[Crawled caption data]
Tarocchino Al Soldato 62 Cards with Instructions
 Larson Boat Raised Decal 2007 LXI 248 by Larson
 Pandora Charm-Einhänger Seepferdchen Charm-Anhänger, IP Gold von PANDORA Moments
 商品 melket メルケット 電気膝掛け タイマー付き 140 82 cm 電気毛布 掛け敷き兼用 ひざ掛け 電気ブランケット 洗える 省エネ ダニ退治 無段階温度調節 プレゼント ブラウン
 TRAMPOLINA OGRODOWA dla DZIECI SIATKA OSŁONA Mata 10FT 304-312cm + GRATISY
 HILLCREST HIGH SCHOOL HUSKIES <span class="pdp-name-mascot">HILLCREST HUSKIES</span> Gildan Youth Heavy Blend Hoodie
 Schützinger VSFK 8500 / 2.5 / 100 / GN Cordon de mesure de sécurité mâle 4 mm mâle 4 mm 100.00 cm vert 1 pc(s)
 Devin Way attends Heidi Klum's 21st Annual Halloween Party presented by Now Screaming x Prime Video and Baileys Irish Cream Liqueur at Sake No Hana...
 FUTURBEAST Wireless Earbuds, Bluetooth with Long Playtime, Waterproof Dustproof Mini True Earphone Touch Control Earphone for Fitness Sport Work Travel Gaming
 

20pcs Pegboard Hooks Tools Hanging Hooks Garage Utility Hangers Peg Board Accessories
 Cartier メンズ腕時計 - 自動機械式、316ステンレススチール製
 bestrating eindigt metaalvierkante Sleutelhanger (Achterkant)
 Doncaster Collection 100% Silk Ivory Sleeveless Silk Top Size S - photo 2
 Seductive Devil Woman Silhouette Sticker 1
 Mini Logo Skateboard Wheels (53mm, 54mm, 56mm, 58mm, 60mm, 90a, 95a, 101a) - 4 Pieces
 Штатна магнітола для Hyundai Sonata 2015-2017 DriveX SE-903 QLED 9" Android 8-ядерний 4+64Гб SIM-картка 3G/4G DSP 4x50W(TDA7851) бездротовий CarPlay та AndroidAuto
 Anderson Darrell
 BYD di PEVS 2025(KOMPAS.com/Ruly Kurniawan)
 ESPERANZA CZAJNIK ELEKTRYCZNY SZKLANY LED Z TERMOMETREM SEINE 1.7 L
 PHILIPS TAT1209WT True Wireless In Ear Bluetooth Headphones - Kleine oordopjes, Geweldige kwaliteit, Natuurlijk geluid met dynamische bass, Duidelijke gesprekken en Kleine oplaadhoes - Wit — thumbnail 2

[WHAT THIS TASK INVOLVES] The result is a copy of every line above where the word "Bluetooth" shows up.

[TASK ANSWER]
 FUTURBEAST Wireless Earbuds, Bluetooth with Long Playtime, Waterproof Dustproof Mini True Earphone Touch Control Earphone for Fitness Sport Work Travel Gaming
 PHILIPS TAT1209WT True Wireless In Ear Bluetooth Headphones - Kleine oordopjes, Geweldige kwaliteit, Natuurlijk geluid met dynamische bass, Duidelijke gesprekken en Kleine oplaadhoes - Wit — thumbnail 2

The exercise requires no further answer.